Mathews receives a $500 prize1 for his winning entry, which we’ll serialize beginning October 12.
A master of understated language and rich characterizations, Mathews is a widely published fiction writer and journalist. His first novel, L.A. Breakdown, was a Los Angeles Times Best Book of 1999. A former contributing editor at L.A. Style, he teaches fiction writing and literature in the UCLA Extension Writers’ Program. Two of his stories have run on our site: “The Garlic Eater,” in early 2006, and “Huevos,” in the fall of 2008. “The Garlic Eater” earned a Pushcart Prize Special Mention.
Thanks to everyone else who sent us a novella – we very much enjoyed reading them! And if you haven’t yet heard from us, in response to your submission, do hold tight for now. We are still considering a number of other entries for publication, and will be in touch with you soon.
1 Wait! you’re saying… We didn’t charge a fee to enter our contest, yet we’re giving our winner a sizable prize? How in the name of holy litmaggery can we do that?
Simple: we’ll use a bit of the revenue we make by selling the ads that appear in the right sidebar of our site.
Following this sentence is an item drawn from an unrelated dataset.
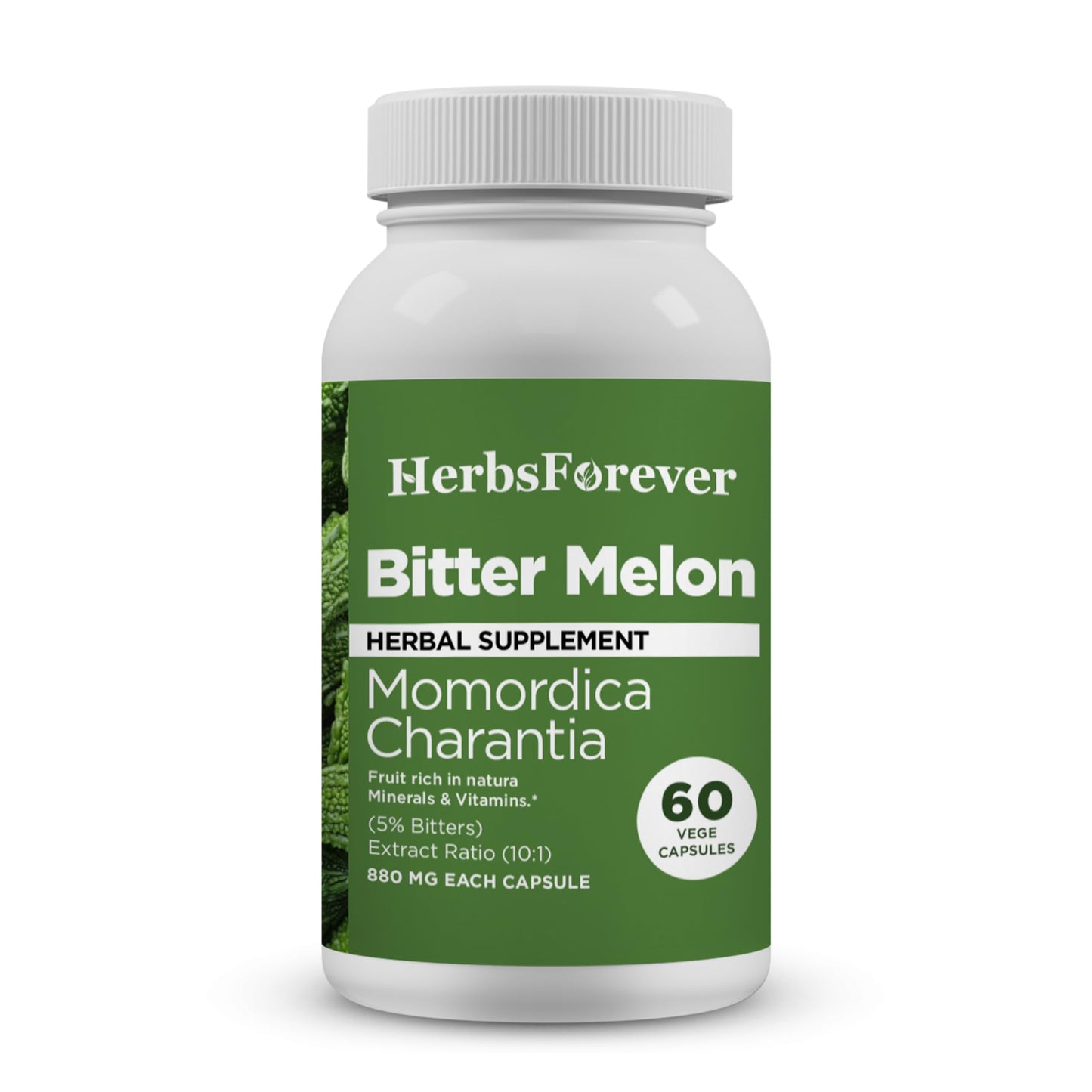 HerbsForever Bitter Melon Extract 10:1 Extra Strength, 4250 mg Fruit Powder Equiv per Serving, 60 Veg Capsules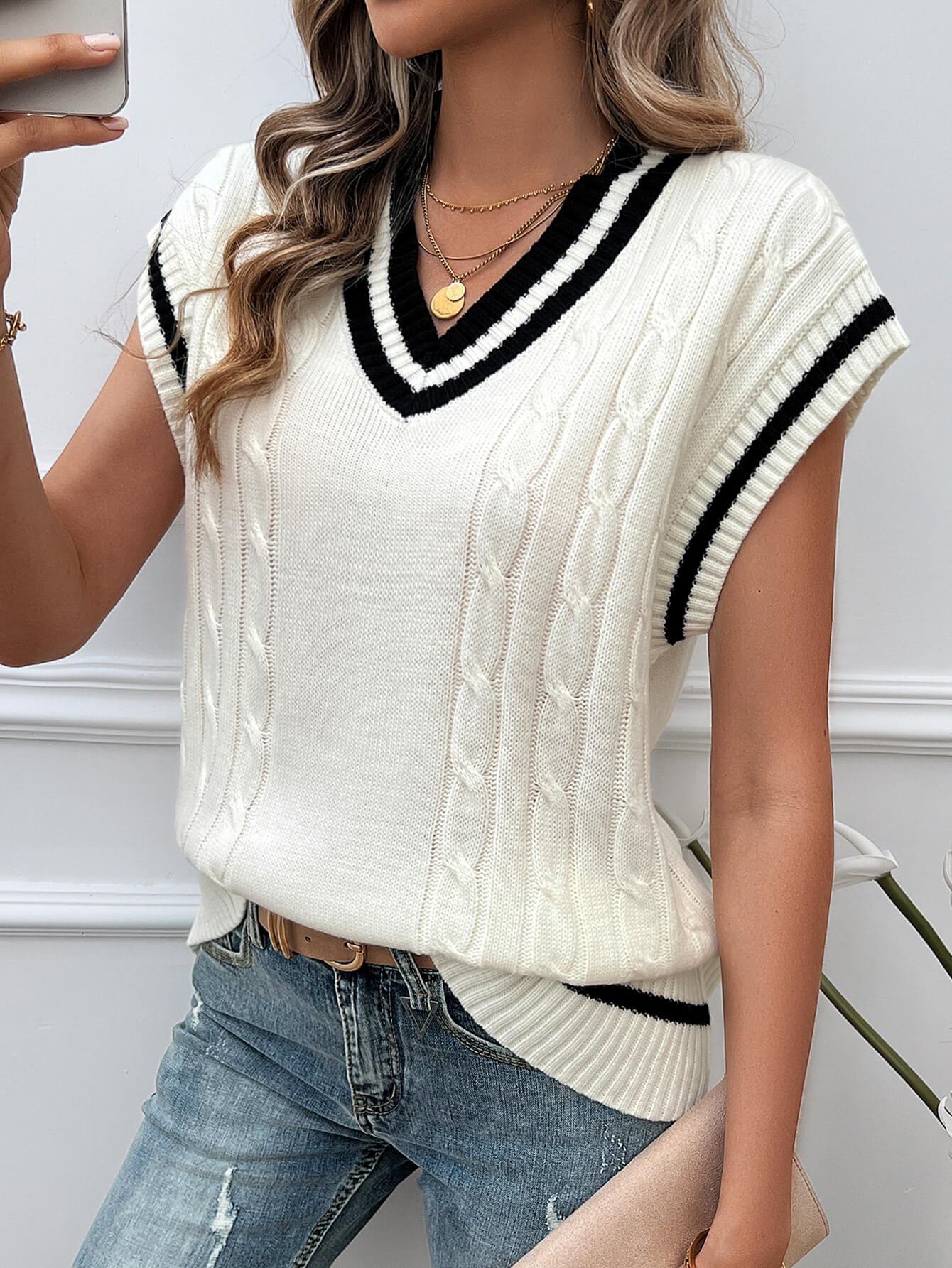 Sivan Cable Knit Sweater Vest - White - Image 2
And why don’t other litmags, print and online, do something similar, when they run contests? We’re not sure, but we wish they’d join us in the practice, and start looking at submissions as a way to find great fiction and poetry, rather than as a way to make money off writers. We predict that if they do so, they’ll get far stronger entries to their contests. It’s better, after all, to get submissions from people who don’t have to pay editors to read their work. As a bonus, winning those contests will be far more meaningful than it is now.